Browser Genome Release Agreement
The purpose of this document is to establish a common set of minimum requirements for public display of genome data by the Ensembl, NCBI and UCSC browsers/annotation groups. This is a follow up document to informal discussions held at the Biology of Genomes meeting at Cold Spring Harbor, NY in May of 2008.
Previously, the only agreement among the major browsers was to display the same set of reference coordinates for the human genome reference assembly. This has largely extended to other organisms as well, but issues remain that can lead to differences in the data provided by the browsers. The issue that likely causes the largest number of problems is the annotation and display of genome assembly data prior to deposition of the genome assembly to the International Nucleotide Sequence Database Collaboration (INSDC), commonly referred to as DDBJ/EMBL/GenBank. The most common problems are (in increasing order of severity):
- Inconsistent sequence identifiers amongst browsers.
- Inconsistent sequence identifiers increase the level of difficulty when trying to exchange annotation sets. This has been apparent as NCBI and Ensembl have tried to exchange gene model datasets for organisms other than human and mouse. Of note, all browsers get these two assemblies from a single source.
- Inconsistent assembly identifiers amongst browsers.
- Inconsistent assembly identifiers make it difficult for users to know which coordinate system is being displayed, regardless of the data source.
- Different sequence data amongst browsers.
- Upon deposition of the data to the INSDC, quality control exercises will often uncover problems with the assembly that is initially submitted. In many cases, the submitter is interested in correcting these errors but the corrections may not get propagated to any browser that has already picked up the data. An addendum to this item is the inconsistent handling of unplaced sequences. Some groups choose to concatenate these sequences into a pseudo molecule, while others leave these as independent sequences. The inconsistent use of sequence identifiers increases the difficulty of mapping annotations amongst sources.
- Some assemblies not ever submitted to INSDC.

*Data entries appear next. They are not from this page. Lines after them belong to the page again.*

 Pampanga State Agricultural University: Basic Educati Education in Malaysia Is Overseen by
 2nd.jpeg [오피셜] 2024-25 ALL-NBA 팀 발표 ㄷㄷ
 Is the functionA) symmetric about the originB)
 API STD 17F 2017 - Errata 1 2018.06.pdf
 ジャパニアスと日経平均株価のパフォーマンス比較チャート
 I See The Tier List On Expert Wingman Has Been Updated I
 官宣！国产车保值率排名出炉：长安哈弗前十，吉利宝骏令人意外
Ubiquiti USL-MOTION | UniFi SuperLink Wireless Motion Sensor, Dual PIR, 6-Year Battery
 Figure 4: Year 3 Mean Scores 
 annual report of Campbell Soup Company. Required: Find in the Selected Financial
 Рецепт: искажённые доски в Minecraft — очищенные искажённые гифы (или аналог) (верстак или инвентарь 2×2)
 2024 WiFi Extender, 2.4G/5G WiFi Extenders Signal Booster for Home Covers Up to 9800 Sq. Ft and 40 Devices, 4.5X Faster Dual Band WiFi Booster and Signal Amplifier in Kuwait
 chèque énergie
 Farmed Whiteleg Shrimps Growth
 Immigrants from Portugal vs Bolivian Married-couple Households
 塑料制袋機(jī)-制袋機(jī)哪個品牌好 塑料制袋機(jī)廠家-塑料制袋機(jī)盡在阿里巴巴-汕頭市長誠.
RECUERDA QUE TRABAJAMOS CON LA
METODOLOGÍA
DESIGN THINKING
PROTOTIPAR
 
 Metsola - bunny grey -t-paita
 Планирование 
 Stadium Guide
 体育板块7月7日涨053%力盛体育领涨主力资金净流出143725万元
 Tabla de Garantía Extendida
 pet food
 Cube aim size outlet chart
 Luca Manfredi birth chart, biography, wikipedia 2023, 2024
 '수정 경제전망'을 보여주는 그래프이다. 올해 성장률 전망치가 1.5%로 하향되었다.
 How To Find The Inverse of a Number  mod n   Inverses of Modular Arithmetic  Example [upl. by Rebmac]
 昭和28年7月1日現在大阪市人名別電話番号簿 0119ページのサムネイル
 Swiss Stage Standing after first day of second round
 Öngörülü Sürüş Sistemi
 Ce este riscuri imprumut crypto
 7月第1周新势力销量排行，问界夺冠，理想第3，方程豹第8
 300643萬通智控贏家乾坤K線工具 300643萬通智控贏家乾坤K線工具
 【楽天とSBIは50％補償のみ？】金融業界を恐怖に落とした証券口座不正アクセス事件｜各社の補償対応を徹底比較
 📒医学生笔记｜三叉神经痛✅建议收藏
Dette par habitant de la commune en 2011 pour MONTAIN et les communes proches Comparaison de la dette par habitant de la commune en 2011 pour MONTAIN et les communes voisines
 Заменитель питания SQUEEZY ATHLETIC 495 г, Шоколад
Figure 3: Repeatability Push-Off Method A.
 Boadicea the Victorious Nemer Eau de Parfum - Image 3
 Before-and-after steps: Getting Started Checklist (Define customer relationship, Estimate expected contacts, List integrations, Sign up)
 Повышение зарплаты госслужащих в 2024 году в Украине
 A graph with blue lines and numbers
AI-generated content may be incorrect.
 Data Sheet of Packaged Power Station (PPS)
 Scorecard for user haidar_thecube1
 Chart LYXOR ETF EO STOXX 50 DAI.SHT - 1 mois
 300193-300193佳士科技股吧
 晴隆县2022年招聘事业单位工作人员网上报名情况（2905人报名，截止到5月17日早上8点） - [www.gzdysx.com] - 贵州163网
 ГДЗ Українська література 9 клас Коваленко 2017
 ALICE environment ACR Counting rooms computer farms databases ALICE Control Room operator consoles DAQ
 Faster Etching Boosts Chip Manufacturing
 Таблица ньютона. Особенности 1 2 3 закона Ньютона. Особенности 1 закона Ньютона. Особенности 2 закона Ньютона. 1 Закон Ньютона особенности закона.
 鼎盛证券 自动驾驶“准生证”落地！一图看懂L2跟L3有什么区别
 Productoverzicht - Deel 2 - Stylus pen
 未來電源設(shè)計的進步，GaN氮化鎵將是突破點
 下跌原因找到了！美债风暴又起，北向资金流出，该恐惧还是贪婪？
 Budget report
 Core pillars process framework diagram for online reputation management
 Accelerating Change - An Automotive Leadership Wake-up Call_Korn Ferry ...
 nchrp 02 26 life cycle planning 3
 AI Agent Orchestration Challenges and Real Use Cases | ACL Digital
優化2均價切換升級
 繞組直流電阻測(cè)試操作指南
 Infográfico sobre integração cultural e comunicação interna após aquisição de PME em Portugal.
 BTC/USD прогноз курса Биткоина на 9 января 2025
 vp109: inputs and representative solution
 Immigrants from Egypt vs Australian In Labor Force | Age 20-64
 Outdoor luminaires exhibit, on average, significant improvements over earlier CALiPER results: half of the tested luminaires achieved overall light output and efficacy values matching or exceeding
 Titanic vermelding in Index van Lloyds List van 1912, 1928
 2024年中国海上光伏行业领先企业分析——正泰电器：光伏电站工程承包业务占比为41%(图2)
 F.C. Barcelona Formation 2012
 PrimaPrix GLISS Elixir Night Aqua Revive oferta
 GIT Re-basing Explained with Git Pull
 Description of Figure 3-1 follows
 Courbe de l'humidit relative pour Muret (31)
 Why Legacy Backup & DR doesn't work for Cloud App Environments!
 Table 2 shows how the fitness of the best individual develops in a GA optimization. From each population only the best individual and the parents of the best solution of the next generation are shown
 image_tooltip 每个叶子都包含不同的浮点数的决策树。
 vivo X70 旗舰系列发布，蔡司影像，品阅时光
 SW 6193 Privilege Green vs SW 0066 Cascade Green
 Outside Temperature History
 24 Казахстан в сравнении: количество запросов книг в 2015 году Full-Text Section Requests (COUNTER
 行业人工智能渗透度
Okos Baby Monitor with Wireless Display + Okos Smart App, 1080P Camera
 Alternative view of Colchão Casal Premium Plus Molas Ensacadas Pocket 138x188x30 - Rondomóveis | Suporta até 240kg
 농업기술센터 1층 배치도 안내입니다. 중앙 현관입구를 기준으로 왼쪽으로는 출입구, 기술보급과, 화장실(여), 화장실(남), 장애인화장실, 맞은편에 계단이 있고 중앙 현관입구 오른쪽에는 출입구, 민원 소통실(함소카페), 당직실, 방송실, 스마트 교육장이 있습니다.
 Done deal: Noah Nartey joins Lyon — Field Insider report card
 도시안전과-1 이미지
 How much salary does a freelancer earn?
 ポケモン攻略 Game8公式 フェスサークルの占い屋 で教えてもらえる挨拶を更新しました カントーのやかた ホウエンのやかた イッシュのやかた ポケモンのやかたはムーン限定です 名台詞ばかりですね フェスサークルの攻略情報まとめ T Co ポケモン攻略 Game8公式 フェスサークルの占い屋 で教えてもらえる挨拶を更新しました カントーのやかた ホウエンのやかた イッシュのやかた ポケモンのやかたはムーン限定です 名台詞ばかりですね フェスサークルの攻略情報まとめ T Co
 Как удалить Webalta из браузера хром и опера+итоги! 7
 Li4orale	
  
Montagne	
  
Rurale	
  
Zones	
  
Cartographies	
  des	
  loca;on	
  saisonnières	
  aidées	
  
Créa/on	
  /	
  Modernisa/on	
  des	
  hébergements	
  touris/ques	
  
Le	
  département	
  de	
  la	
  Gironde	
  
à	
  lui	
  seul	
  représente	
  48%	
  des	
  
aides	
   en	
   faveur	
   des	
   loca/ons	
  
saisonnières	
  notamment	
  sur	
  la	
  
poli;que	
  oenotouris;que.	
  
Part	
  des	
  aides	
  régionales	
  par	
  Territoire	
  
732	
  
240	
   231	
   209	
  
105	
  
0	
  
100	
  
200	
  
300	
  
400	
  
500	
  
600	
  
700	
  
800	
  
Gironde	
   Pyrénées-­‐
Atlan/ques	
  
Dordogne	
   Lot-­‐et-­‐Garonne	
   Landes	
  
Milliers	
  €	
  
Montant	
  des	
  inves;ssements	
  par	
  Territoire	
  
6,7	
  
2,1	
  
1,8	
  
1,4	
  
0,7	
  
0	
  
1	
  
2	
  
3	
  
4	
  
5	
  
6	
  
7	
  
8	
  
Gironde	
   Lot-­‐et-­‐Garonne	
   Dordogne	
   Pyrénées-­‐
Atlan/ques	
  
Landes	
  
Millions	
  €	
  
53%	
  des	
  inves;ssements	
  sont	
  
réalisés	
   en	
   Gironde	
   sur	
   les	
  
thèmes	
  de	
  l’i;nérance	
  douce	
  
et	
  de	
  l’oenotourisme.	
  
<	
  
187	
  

- Once assemblies get picked up, annotated and displayed in a browser, the initial sequencing and assembly group may have little incentive to submit this assembly to the INSDC. For example, the Xenopus tropicalis assembly has been 'available' since August, 2005 but has never been submitted to the INSDC.
Beginning in the spring of 2009, with the release of the Genome Reference Consortium Human Build 37 release Ensembl, NCBI and UCSC agree that:
Data will be displayed only after it has been released by the INSDC.
- This document deals solely with the deposition of the genome assembly (contigs + scaffolds). Submission of annotation is not a requirement for public display of genome assembly data in any of the browsers.
- It is anticipated that most genome assemblies will be able to be deposited to the INSDC. However, in the event that a genome assembly does not meet the INSDC criteria for submission, the genome browsers will be free to show this data. It is anticipated that the browsers will work together to provide a consistent view of the assembly and its identifiers.
- Assembly submitters can use the Hold Until Publication (HUP) mode of submission. Once the assembly is accessioned, even if it has a HUP status, the submitter can distribute the assembly to any third party browser/annotation group. However, the data for these assemblies should not be made public by the browsers until the HUP status has been removed and the assembly data are public in the INSDC.
The sequence identifiers used in the browser and publicly distributed via FTP should be correlated with the INSDC records.
- Browsers can use alternate sequence identifiers but it should be clear how these identifiers map to the INSDC record. Ideally, this will have a minimal disruption on dataflow but still provide a framework for easy data exchange between the various groups. This implies that the starting AGP files should use the INSDC accession.version to identify all of the objects and components describing the assembly. For a reminder of AGP definitions, please see the specification found here: http://www.ncbi.nlm.nih.gov/projects/genome/assembly/agp/AGP_Specification.shtml.
All browsers will refer to any given assembly by the same name, preferably a submitter approved name. This should be collected at the time of assembly submission and guidance should be given to the submitted group in terms of selecting an appropriate name.
- There are several assemblies submitted that have no real submitter approved name. In these cases, every effort should be made by the browsers to reconcile the names/assemblies so that it is clear to users what data is being supplied at each browser and that data exchange between the browsers/annotation groups is facilitated.
- Browser-specific assembly names are permitted only as an adjunct to the official, submitter-approved name, not as a replacement for the official name.
The terms of this document are not meant to be retroactive, and data currently displayed in any of the browsers that do not meet these criteria do not need to be removed. However, we should endeavor to begin bringing all genome assembly data into compliance moving forward.